Top of EXTRACTED MATERIAL

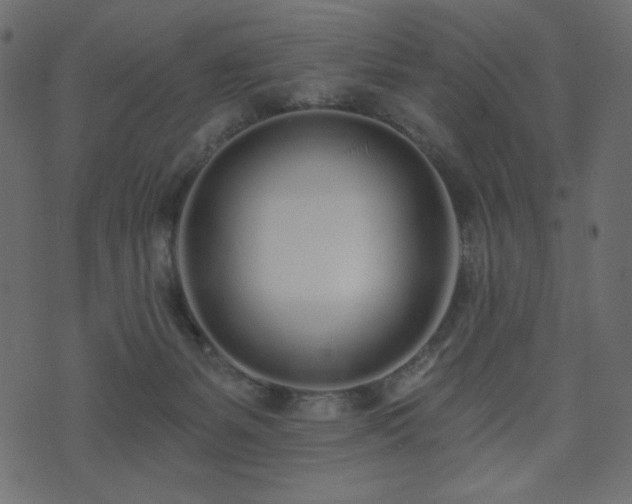 X0000074320127200608251310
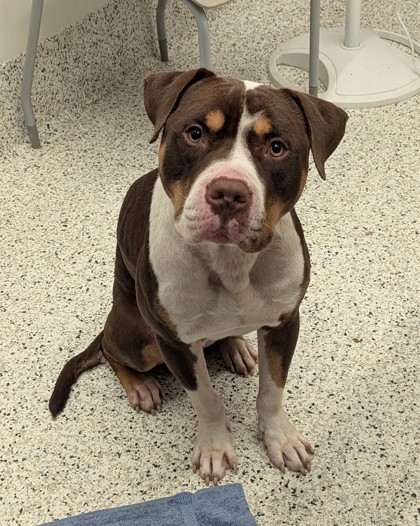 Shelter Stray Male Dog last seen Near Orly Ter, South Fulton, GA, 1251 Fulton Industrial Blvd NW, Atlanta, GA 30336, USA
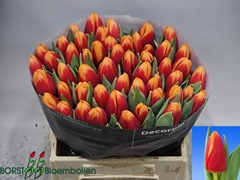 Tulip Single Spirit 40cm 40gr.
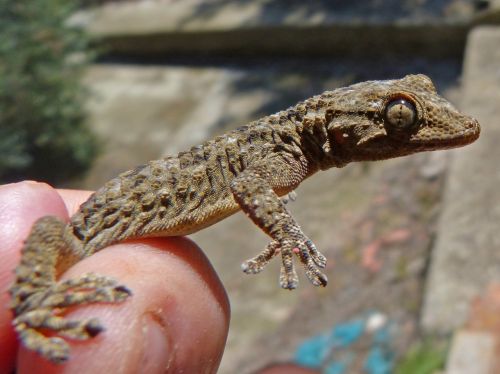 gecko dragon detail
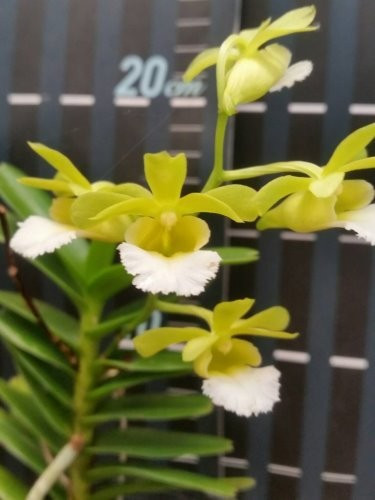 Christensonia Vietnamica FS j2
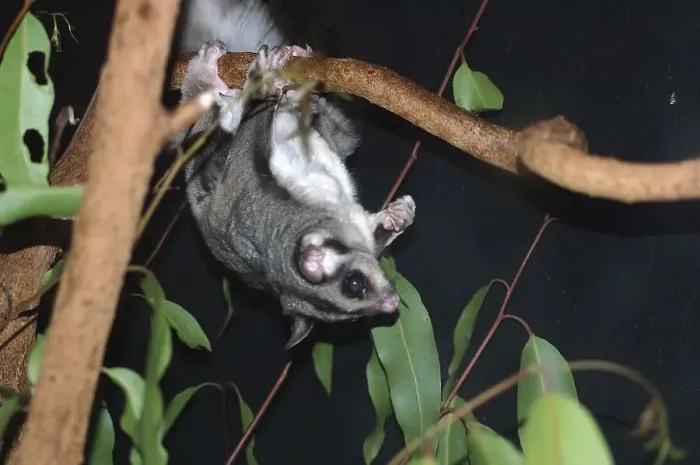 Framed Print : Australian sugar glider, Petaurus breviceps Framed Print : Australian sugar glider, Petaurus breviceps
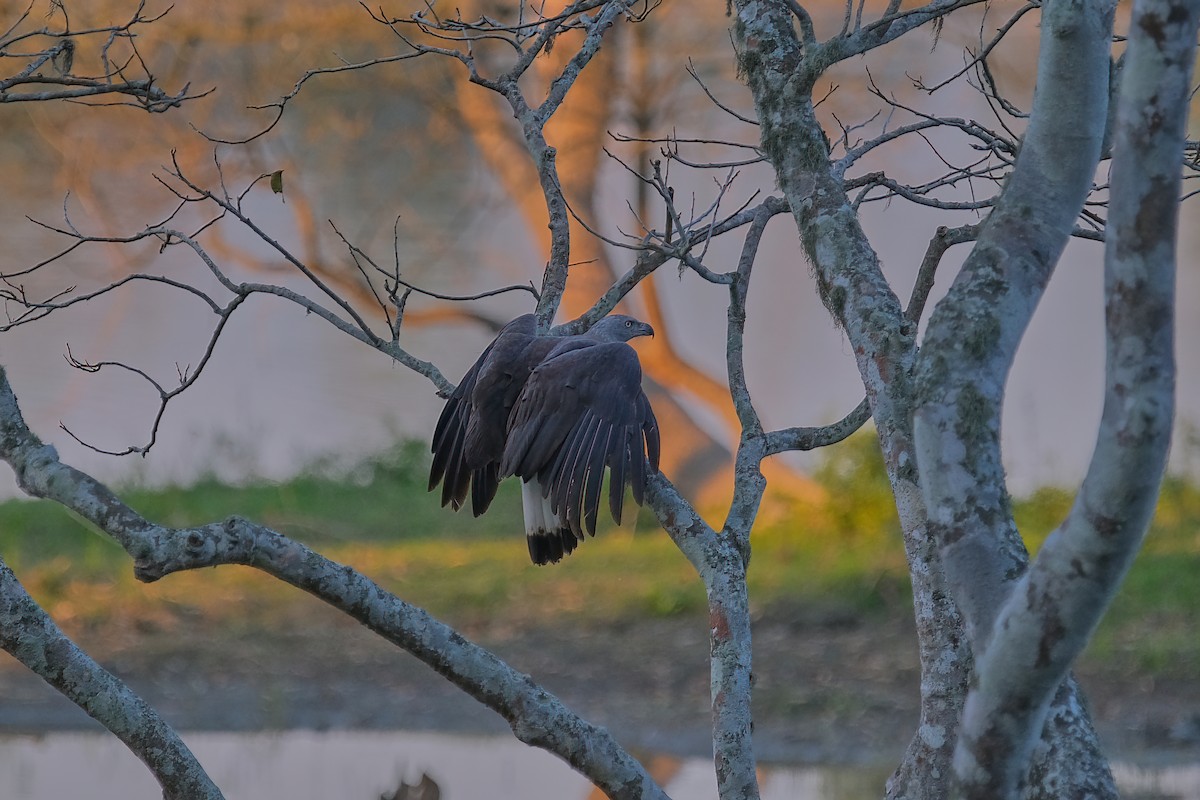 Gray-headed Fish-Eagle - Kunal Chakravertti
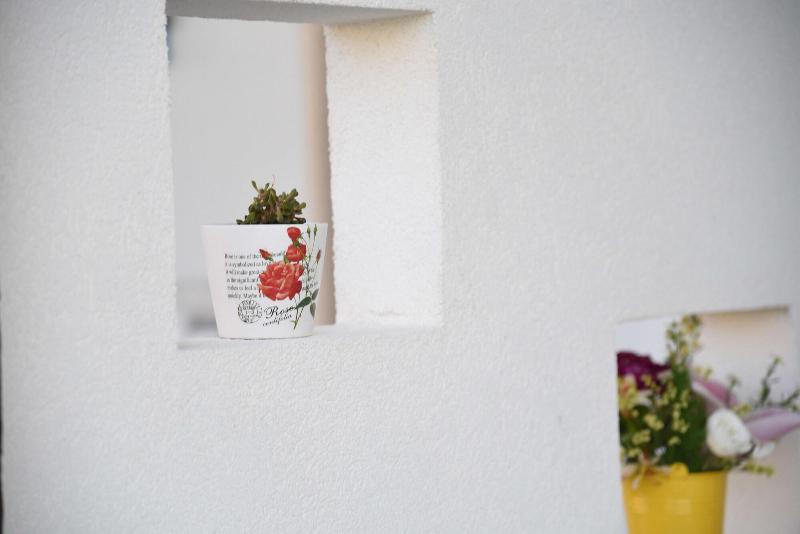 B&B Il Fiorone - Genel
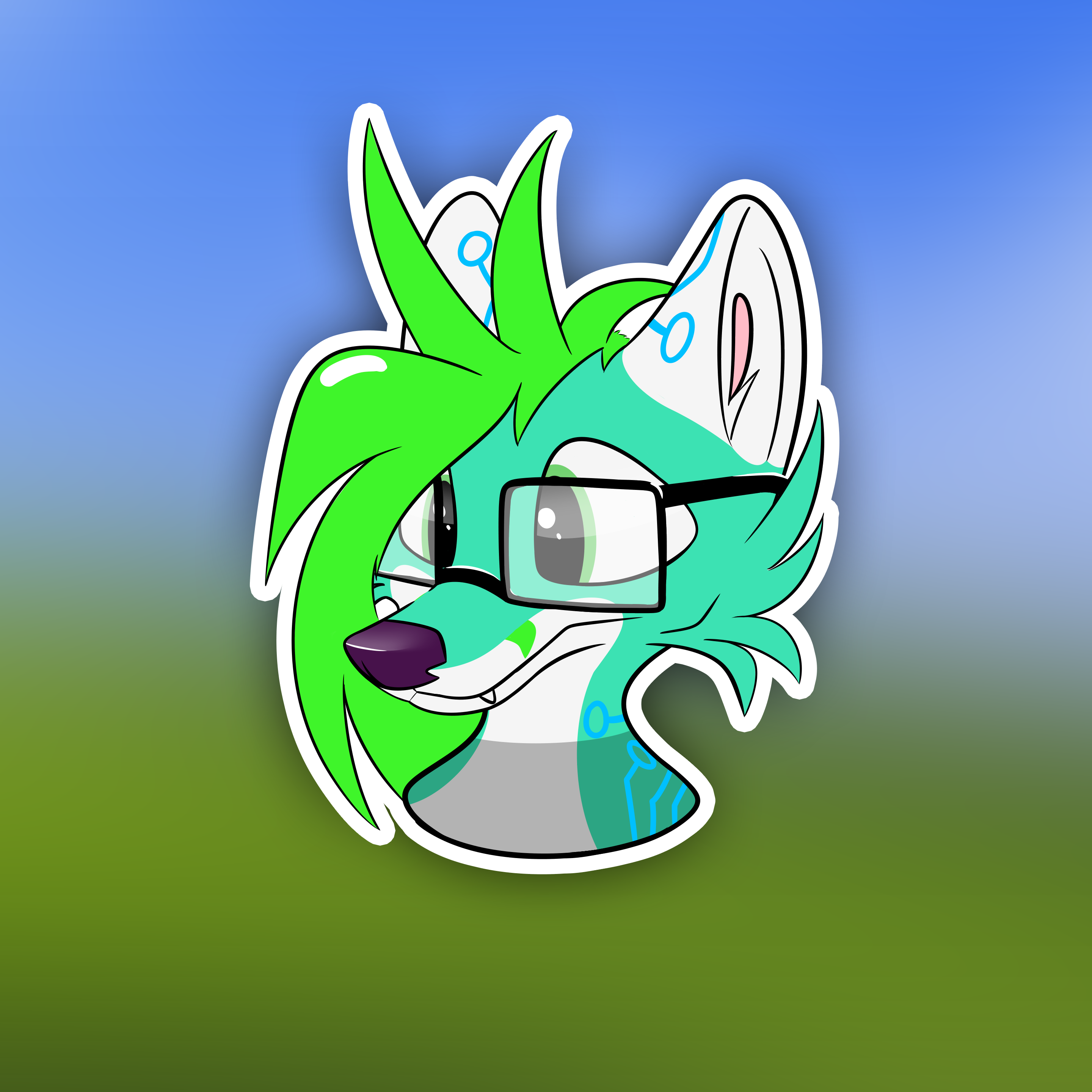 Edepol Warm-up headshot.png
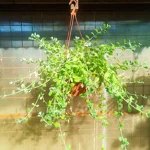 Incense plant/Cuban oregano (Plectranctus amboinicus)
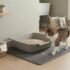How to Transition Cat Litter Without Your Cat Refusing the Box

Bottom of EXTRACTED MATERIAL

THE PROBLEM:
Leaving the pictures aside, transcribe the entire listing exactly.

FINAL ANSWER:
 X0000074320127200608251310
 Shelter Stray Male Dog last seen Near Orly Ter, South Fulton, GA, 1251 Fulton Industrial Blvd NW, Atlanta, GA 30336, USA
 Tulip Single Spirit 40cm 40gr.
 gecko dragon detail
 Christensonia Vietnamica FS j2
 Framed Print : Australian sugar glider, Petaurus breviceps Framed Print : Australian sugar glider, Petaurus breviceps
 Gray-headed Fish-Eagle - Kunal Chakravertti
 B&B Il Fiorone - Genel
 Edepol Warm-up headshot.png
 Incense plant/Cuban oregano (Plectranctus amboinicus)
How to Transition Cat Litter Without Your Cat Refusing the Box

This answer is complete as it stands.